### Your goal
A single figure is required: the number of lines in the listing below containing the word "with".

____

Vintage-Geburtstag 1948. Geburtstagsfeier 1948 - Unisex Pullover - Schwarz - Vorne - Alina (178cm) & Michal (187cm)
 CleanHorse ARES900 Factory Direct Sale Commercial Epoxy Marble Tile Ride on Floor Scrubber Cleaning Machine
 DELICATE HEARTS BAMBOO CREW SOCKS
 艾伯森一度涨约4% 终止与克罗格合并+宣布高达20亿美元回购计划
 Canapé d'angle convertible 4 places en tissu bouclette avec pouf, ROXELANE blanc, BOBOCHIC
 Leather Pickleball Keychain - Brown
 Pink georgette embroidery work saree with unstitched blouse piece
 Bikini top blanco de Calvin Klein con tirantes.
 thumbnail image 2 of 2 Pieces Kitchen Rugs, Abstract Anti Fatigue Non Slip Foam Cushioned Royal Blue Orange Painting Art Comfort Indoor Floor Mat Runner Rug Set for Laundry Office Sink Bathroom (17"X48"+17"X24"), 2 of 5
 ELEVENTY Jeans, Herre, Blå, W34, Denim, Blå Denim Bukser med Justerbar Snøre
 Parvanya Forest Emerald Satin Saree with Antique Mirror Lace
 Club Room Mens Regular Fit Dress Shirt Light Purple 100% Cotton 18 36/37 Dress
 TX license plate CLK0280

____

### Task output
2